Exam Revision Path

A consolidated **exam reference** of the most-used formulas in a first derivatives course. The set spans **futures pricing**, **option payoffs**, **put-call parity**, **Black-Scholes-Merton**, **binomial trees**, **hedge ratios**, and **money-market bill pricing**. Each formula is listed in its standard textbook form. Memorise the formula, but learn what each symbol means and when the formula applies. Most exam errors come from misapplying the right formula in the wrong setting, not from forgetting an equation.

Eight payoff diagrams cover almost every exam strategy question. **Long and short futures** produce straight 45-degree lines through the entry price. **Long calls and puts** produce **hockey sticks** with limited loss and unlimited gain. **Short calls and puts** produce **inverted hockey sticks** with limited gain and unlimited or large loss. Combinations build the **straddle** (V-shape long, inverted V short) and **spreads**. Being able to sketch each shape from the formula is essential for exam success.

Six topic clusters recur across derivatives exams: **put-call parity arbitrage**, **two-step binomial trees**, **Black-Scholes calculation and interpretation**, **margin call mechanics**, **basis risk in cross-hedges**, and **swap comparative advantage**. Mastering these six families covers roughly **70 to 80 percent** of typical exam marks. Each cluster has a predictable trap, so revising the traps is as important as revising the formulas.

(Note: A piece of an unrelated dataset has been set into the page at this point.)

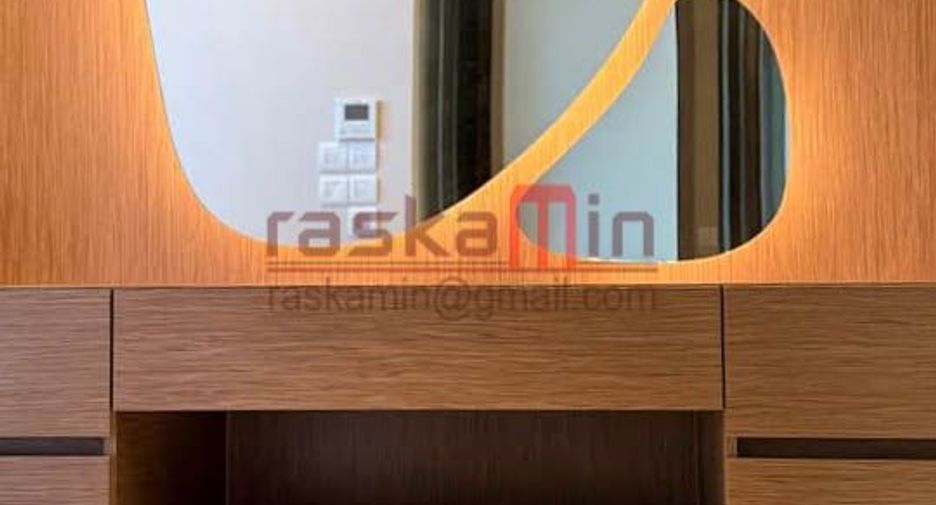 For rent 2 bedrooms condo in Pathum Wan, Bangkok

**Put-call parity** is a no-arbitrage condition that pins the prices of European call and put options with identical strike and expiry to the current stock price and the present value of the strike. The relation is $C + K e^{-rT} = P + S_0$, first formalised by Stoll (1969) and extended by Merton (1973). Any deviation from this equality allows a **riskless profit**, so in liquid markets violations are fleeting. The relation applies strictly to **European options**. For American options on non-dividend-paying stocks, only an inequality holds.

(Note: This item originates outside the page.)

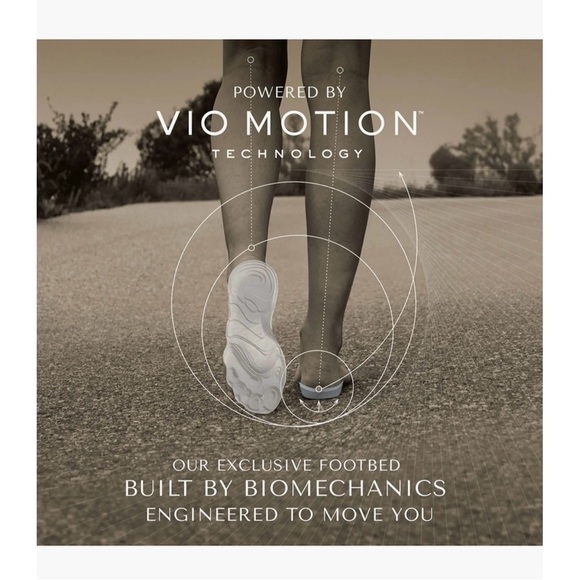 New Walk Max Water Repellent Sneaker (Women) size 13 - Picture 9 of 9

A **two-step binomial tree** divides the option's life into two equal periods of length $\Delta t$, generating three terminal stock prices $S_0 u^2$, $S_0 u d$, and $S_0 d^2$. Pricing proceeds by **backward induction**. Find the option value at the two intermediate nodes, then discount one more step back to today. Adding steps refines the approximation and, in the Cox–Ross–Rubinstein parameterisation, the tree converges to **Black–Scholes** as the number of steps grows.

The **Black-Scholes-Merton (BSM) model** gives a closed-form price for European options on a non-dividend paying stock. The call formula is $C = S_0 N(d_1) - K e^{-rT} N(d_2)$. The model rests on five assumptions, continuous trading with no transaction costs, lognormal stock prices, no dividends in the basic form, constant volatility $\sigma$, and a constant risk-free rate $r$ with continuous compounding. Black and Scholes (1973) and Merton (1973) showed that, under these assumptions, a self-financing portfolio of stock and bond can replicate the option, so its price is unique and free of any risk premium.

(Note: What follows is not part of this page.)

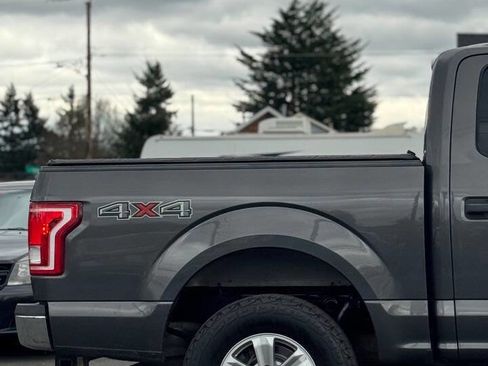 Used 2015 Ford F150 XLT image 18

A **margin call** is the broker's demand for additional collateral when accumulated losses pull a futures account below the **maintenance margin** threshold. The trader must restore the balance to the **initial margin** level, not merely to the maintenance line, usually within one business day. Failure to meet the call gives the broker the right to **close out** (liquidate) the position at the prevailing market price, with any residual loss still owed by the trader.

**Basis risk** is the uncertainty in the basis $b_2 = S_2 - F_2$ at the close date of a hedge. A short hedger receives an effective price of $F_1 + b_2$, and a long hedger pays $F_1 + b_2$. Because $b_2$ is unknown when the hedge is opened, the realised outcome differs from the intended lock by the **basis change**. Three drivers of basis risk are (1) closing the hedge before delivery, (2) using a futures contract on a **different but correlated asset** (cross hedge), and (3) timing mismatches between physical delivery and contract maturity.

The textbook rationale for an interest rate swap is **comparative advantage**. One borrower may face better terms in fixed-rate funding while another faces relatively better terms in floating. Each borrows where its advantage is largest and the two parties swap payment streams. The **total gain** equals the **quality spread differential** (QSD), the absolute difference between the two parties' fixed-rate gap and floating-rate gap. Hull (2022) §7.4 notes the argument has been criticised because true comparative advantage in efficient capital markets should not survive long-term arbitrage.